Of the thousands of cemeteries nationwide, there are maybe about 125 that now offer options for green burial, said Suzanne Kelly, Rhinebeck Cemetery committee chairwoman and author of “Greening Death.” Many, like Rhinebeck 80 miles north of New York City, create natural burial grounds near the neatly ordered markers of their traditional plots.
New laws: In Vermont, a new law taking effect July 1 changes the minimum depth for burying bodies from 5 feet to 3½ — a depth advocates say is conducive to decomposition and safe from animals. Figuring out the best way to prepare shallower graves is just one question cemetery operators have as they seek to accommodate green burials.
“If they’re in a shroud, are people going to understand that, first of all, that body could have an odor to it? There could be body fluid stains on the shroud. I don’t know,” said Patrick Healy, president of the Vermont Cemetery Association. “Right now, we’re protected from that situation because they’re always in a casket.”
Alabama last year changed a law that restricted casket sales to licensed funeral directors after a lawsuit from a woman who wanted to sell biodegradable caskets for her eco-friendly burial ground.
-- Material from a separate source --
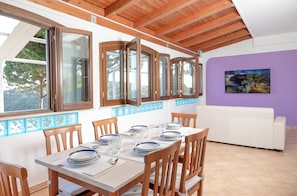 2 Bedroom Apartment, First Floor | Private kitchen | Dining tables - Lilium Gaeta Apartment by Mamo Florence (Gaeta)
Green burials can save people thousands of dollars in costs for a vault, a plush casket and a granite marker. But they also have nurtured a market for ecologically friendly products such as biodegradable cornstarch urns and wicker caskets.
New markets: Mary Lauren Fraser weaves her $200 urns and $2,800 caskets in her apartment in western Massachusetts. Costs for the handmade products are in line with what consumers could pay for traditional urns and caskets, though they draw interesting looks when she puts them on display at local farmers’ markets.
“I get all kinds of reactions,” she said. “Way more people coming in and saying, ‘Is that a coffin? Did you make that? Is green burial legal?’”
While state laws vary on the treatment of bodies, green burial practices are legal across the nation, said Kate Kalanick of the Ojai, California-based Green Burial Council. The council, which certifies green practitioners, says unembalmed bodies are safe for a viewing before burial and do not pollute the soil.
The emotions: For some customers, it’s not about cost or the environment. It’s about what feels right during a difficult time.
After losing a stillborn daughter this year, Becky and Chris Mancuso looked to Vale Cemetery in Schenectady, where five generations of her family are buried. Chris Mancuso couldn’t imagine chemically embalming his daughter, and the cemetery’s new natural burial section fit in with his Christian faith that “unto dust shalt thou return.”
He built a wooden burial box for Anna himself. Their 6-year-old daughter picked wood that was golden, like heaven.
“The main motivation was just trying to connect with my dead daughter, and in any way that I could do something for her, which my wife and I, neither of us had a chance to do that,” Mancuso said. “That was very hard for us.”